All those types of questions imply time-series analysis. What’s the logical difference from a normal database? Well, it’s a matter of priorities and usage patterns.
For example, a regular database of employees probably doesn’t require much time-series analysis. It definitely won’t be the main type of request.
On the other hand, if we want to analyze sensor data from IoT (the Internet of Things) devices, its key metric—besides the sensor name or location—is a datetime. It makes time-series analysis the main usage scenario for IoT data.
What are some examples of time-series data?
As we previously mentioned, time-series data is a special type of data that changes over time. The most obvious examples of such data are the following:
- Stock prices
- Monthly website traffic
- City population
- Network speed
- Amount of goods at a warehouse
All types of time-series could have different fractions like per second, per minute, or even per year. But still, it changes, and businesses can take advantage of it.
Why do I need a time-series database?
And do I even need it if I want to analyze anything from the datetime perspective? Of course, you don’t.

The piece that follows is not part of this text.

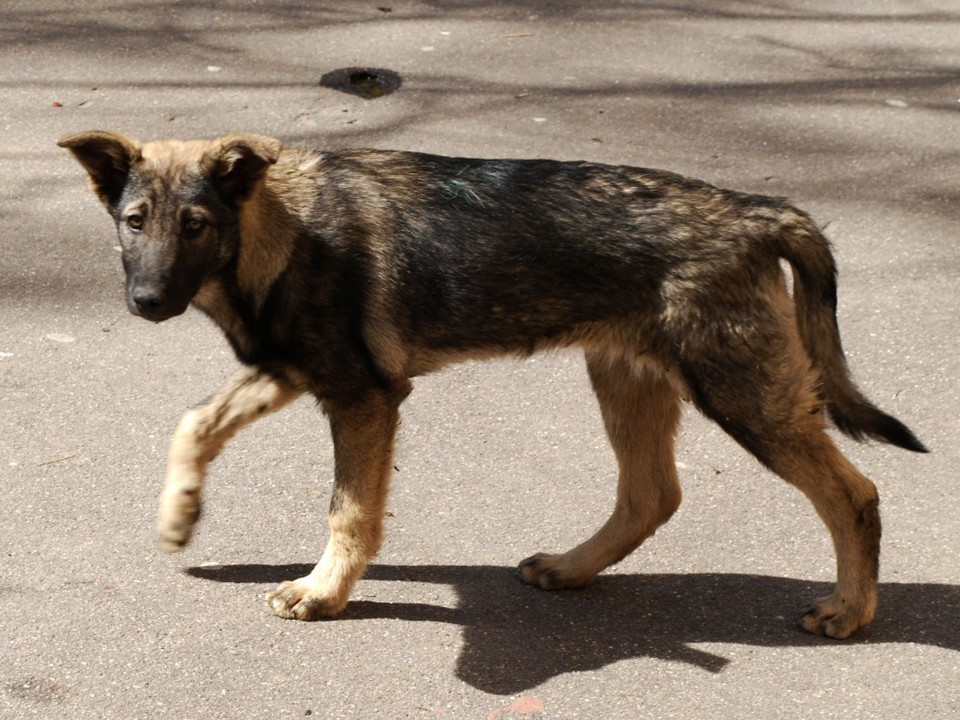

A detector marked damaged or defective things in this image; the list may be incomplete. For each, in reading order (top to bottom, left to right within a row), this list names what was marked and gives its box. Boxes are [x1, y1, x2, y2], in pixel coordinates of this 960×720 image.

pothole [318, 67, 402, 99]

Any relational database can analyze data against datetime, while small amounts of data or data with no high insert rate need no time-series specific DB.
To put it simply, you need to consider a time-series DB when you aim to consume and analyze a huge amount of time-series data—both in terms of the insert rate and absolute value.
If I put the purpose of a time-series database in a single sentence, it would be something like this:
‘An ability to consume, store, and ensure stable query performance with huge amounts of data’
By saying ‘huge’, I mean billions of records or thousands of inserts per second.
But how can we achieve that? Normally, time-series data analysis happens on various granularity levels, e.g. we want to see price changes every minute for the past hour, every hour for the past week and every day for the past month.
Those types of aggregations are pretty common and can dramatically reduce the amount of storage required for your data. At the same time, we still keep all data received so far, even though it’s at the cost of losing precision.
It gives us a second (optional) quality of time-series databases:
‘An ability to automatically manage data aggregations’
Also, it includes any data retention policies (data that gets deleted automatically after it expires).
It’s optional because it can be easily achieved using a custom ETL process, but many DB vendors support it out of the box, though.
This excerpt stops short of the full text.